Could have been a bad  batch on that
red tire.
Who knows!


----------



## kreika (Apr 5, 2017)

These are probably 15+ years old and have very fine cracks and don't have many miles on them. Poor rubber mix maybe?


----------



## keith kodish (Apr 5, 2017)

Ive had a,set on my late 40 b107 Autocycle for 15 years,no problem. I heartily recommend them wirh no hesitation.

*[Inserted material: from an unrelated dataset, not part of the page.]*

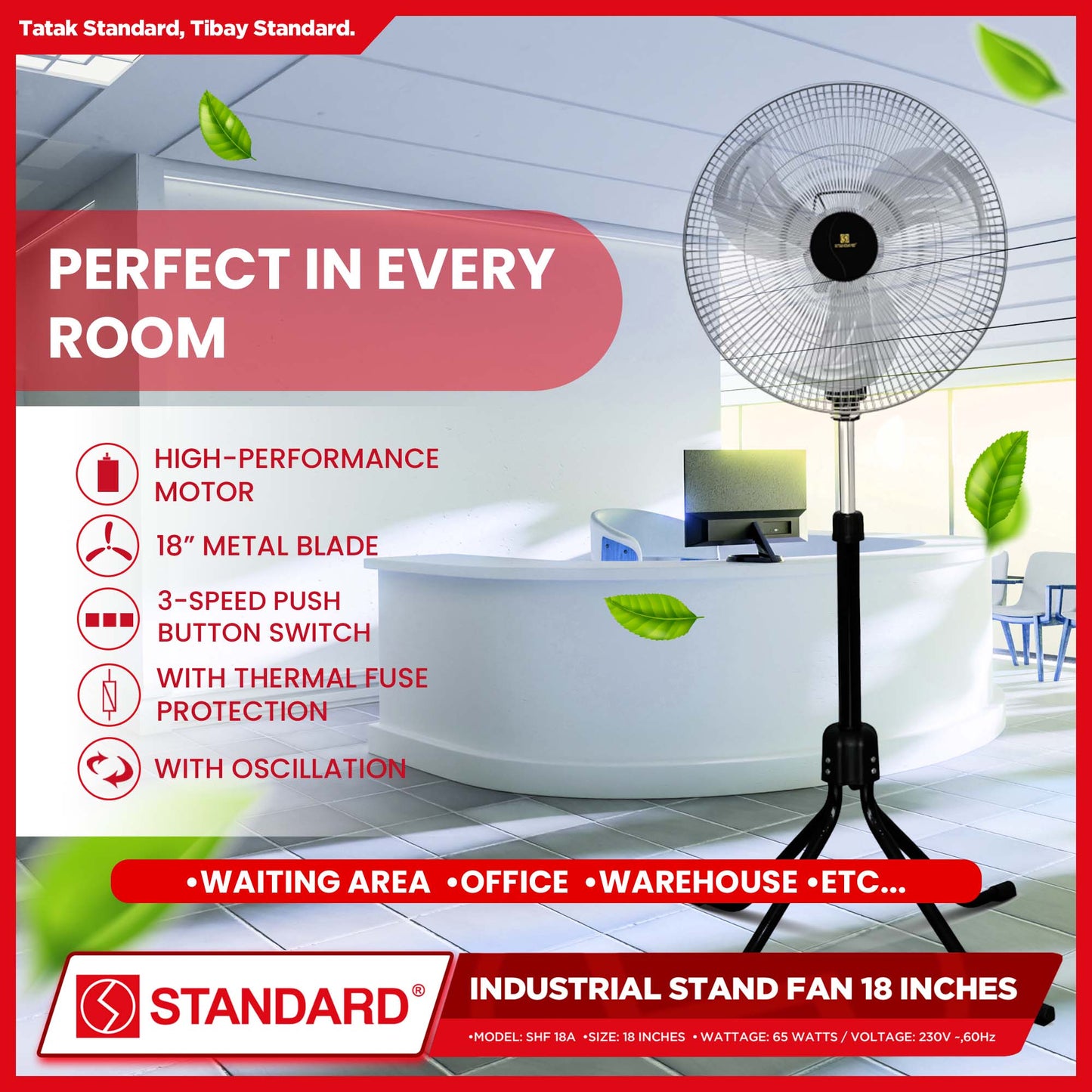 Standard Industrial Fan 18" SHF 18A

Sent from my SM-J700P using Tapatalk


----------



## rusty.kirkpatrick (Apr 5, 2017)

This is that set.





kreika said:


> http://thecabe.com/forum/threads/bf-goodrich-red-26-x-2-125-tires.105182/


----------



## 2jakes (Apr 5, 2017)

kreika said:


> Poor rubber mix maybe?




Looks like it.
Both were bought at the same time. The rubber started to fall off on the bottom tire.



Grand Tycoon is 25+ years and is in better condition.




This tire was only good for 100 years. 






Although the hub is in excellent condition!


----------